By now, the chemo effects have gotten much more pronounced and I would say I take an ativan almost every day, usually a bedtime. I have this neuropathy (nerve pain in my hands, arms and shoulders) and while the ativan doesn't have any effect on the pain, it does reduce my anxiety about the pain. I take a couple of ibuprofen as well, and that seems to allow me to sleep. But I'm worried about becoming dependent on the ativan. Saturday I felt pretty good and didn't take an ativan that night. I slept really badly although I don't know if it was because I hadn't taken the ativan or if it was just one of those nights. Sunday was not a good day, either physically or emotionally. Last night, my arms were aching so I took the ibuprofen and the ativan. I slept and this morning I feel much, much better.

I did what I always do. I went searching the web. I found one site that said habituation can develop in just 2 to 4 weeks of regular use. So I don't know what to do. Maybe tonight, if I'm having pain, I'll try half an ativan and I'll ask Dr. Schnurr about it on Thursday.

I feel like one of those Hollywood people who explain that they are checking into Betty Ford because they developed an addiction to pain medication after an injury. Picture me hear standing in front a microphone, taking responsibility for my problem and all that rot, okay?

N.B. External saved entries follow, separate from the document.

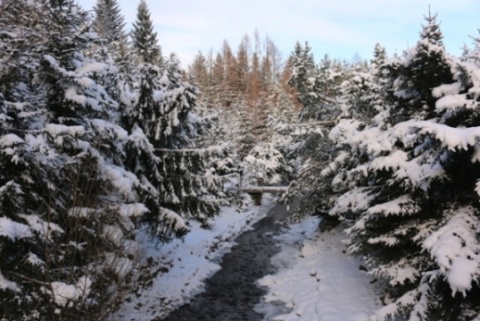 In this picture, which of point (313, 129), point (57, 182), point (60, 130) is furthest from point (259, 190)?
point (60, 130)

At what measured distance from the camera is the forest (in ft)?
19.8

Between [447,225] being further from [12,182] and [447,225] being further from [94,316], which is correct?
[12,182]

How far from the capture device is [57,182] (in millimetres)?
7770

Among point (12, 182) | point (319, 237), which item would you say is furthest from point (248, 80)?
point (12, 182)

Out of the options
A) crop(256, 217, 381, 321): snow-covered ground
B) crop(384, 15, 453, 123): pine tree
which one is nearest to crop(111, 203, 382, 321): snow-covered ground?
crop(256, 217, 381, 321): snow-covered ground

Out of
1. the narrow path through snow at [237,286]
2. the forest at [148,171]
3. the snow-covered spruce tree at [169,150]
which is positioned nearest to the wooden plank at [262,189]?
the narrow path through snow at [237,286]

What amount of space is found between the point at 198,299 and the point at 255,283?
2505 mm

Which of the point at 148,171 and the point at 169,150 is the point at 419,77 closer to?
the point at 169,150

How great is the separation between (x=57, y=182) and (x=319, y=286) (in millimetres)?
7617

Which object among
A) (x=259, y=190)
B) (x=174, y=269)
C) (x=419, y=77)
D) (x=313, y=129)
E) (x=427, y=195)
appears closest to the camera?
(x=427, y=195)

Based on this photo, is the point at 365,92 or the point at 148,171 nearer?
the point at 148,171

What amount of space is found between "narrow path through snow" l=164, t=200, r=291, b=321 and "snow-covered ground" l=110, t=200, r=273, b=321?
13.2 inches

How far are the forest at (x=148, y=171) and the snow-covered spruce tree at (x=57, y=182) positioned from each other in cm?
3

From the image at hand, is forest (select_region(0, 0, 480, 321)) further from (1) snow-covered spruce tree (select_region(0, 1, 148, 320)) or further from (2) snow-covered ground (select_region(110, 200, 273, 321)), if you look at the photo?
(2) snow-covered ground (select_region(110, 200, 273, 321)) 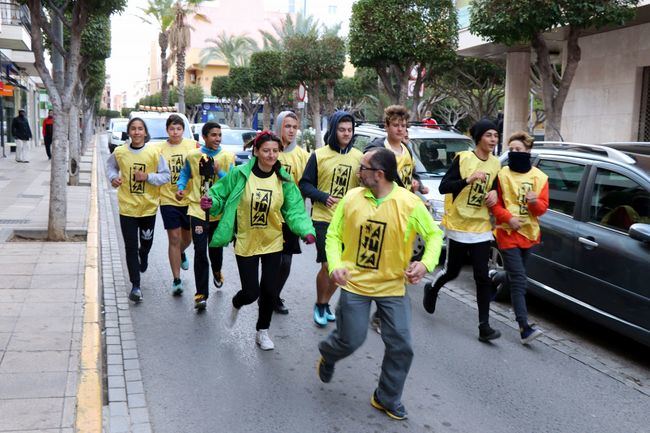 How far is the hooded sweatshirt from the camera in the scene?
20.2 ft

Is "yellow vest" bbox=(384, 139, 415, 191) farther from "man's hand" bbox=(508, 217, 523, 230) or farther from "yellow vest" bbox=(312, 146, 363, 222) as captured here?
"man's hand" bbox=(508, 217, 523, 230)

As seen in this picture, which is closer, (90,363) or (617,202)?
(90,363)

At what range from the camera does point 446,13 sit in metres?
17.5

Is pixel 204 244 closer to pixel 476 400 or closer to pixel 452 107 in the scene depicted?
pixel 476 400

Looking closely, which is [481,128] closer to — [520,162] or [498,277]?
[520,162]

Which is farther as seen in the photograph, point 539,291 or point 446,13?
point 446,13

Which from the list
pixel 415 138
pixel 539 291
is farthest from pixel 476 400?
pixel 415 138

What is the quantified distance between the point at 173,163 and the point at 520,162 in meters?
3.60

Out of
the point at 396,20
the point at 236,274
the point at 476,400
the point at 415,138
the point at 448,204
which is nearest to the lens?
the point at 476,400

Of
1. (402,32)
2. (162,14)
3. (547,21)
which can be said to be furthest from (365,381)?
(162,14)

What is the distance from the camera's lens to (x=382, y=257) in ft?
14.3

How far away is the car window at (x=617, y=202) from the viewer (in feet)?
19.1

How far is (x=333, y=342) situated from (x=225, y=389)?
93 cm

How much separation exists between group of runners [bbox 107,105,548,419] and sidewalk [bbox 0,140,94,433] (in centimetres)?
95
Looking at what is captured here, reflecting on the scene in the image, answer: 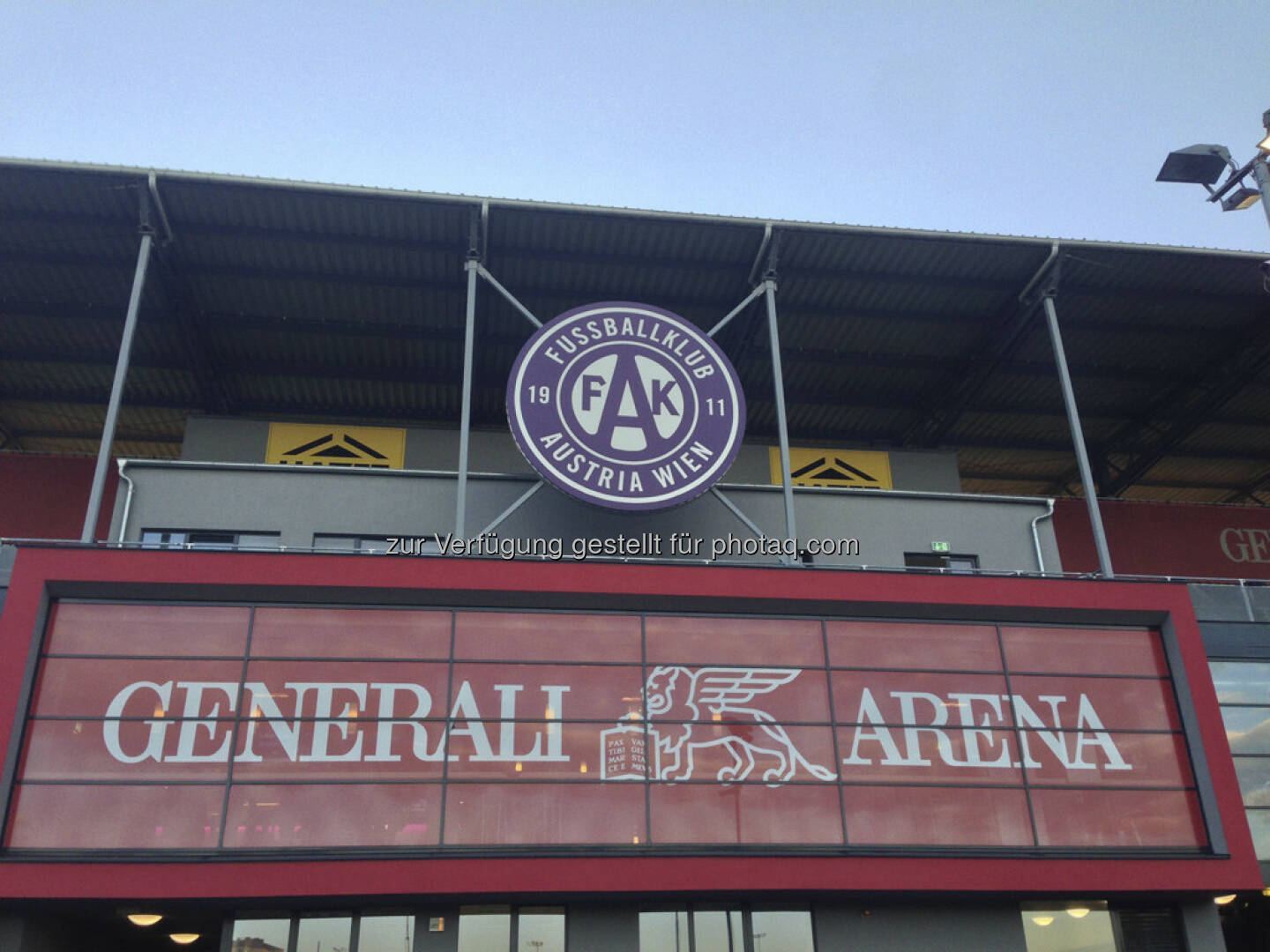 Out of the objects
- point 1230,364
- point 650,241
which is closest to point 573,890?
point 650,241

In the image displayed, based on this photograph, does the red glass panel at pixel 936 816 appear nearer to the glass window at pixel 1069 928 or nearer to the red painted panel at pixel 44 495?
the glass window at pixel 1069 928

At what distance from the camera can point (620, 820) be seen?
56.9 feet

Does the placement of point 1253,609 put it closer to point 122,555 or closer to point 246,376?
point 122,555

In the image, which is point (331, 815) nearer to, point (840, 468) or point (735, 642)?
point (735, 642)

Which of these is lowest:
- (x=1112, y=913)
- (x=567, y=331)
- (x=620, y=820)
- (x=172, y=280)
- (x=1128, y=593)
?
(x=1112, y=913)

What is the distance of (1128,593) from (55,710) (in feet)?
61.7

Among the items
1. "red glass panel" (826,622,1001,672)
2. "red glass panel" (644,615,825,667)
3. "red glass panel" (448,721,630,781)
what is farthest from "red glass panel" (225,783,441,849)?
"red glass panel" (826,622,1001,672)

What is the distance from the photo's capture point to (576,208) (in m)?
23.1

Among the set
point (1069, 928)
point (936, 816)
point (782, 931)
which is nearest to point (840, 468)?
point (936, 816)

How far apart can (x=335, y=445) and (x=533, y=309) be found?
21.1 feet

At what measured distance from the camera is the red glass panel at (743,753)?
17.9 meters

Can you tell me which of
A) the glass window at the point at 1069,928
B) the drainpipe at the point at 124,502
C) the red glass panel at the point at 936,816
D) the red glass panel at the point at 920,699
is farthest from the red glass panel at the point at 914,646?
the drainpipe at the point at 124,502

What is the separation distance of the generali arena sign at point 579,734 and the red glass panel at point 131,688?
0.04 meters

My sister is flying in today from New Mexico to spend a week with me. I can't wait.

Saturday, February 19, 2005


I'm team teaching a workshop (it meets five Saturdays) with the poet Carolyne Wright and this morning was the first class. It was delightful to be teaching again. Particularly delightful to be teaching in an environment where I didn't have to grade papers. Carolyne was generous enough to let me teach this class, and to teach the next. I'll have chemo #7 on Thursday and so won't be so sharp next Saturday.

The students are primarily interested in memoir and poetry. So I taught a memoir exercise and then did an exercise on narrative. Carolyne is a poet who's book Seasons of Mangoes and BrainFire won a number of prizes. She's got some lovely poems in Ploughshares. I only hope I have enough of a brain next Saturday to be able to learn something from her.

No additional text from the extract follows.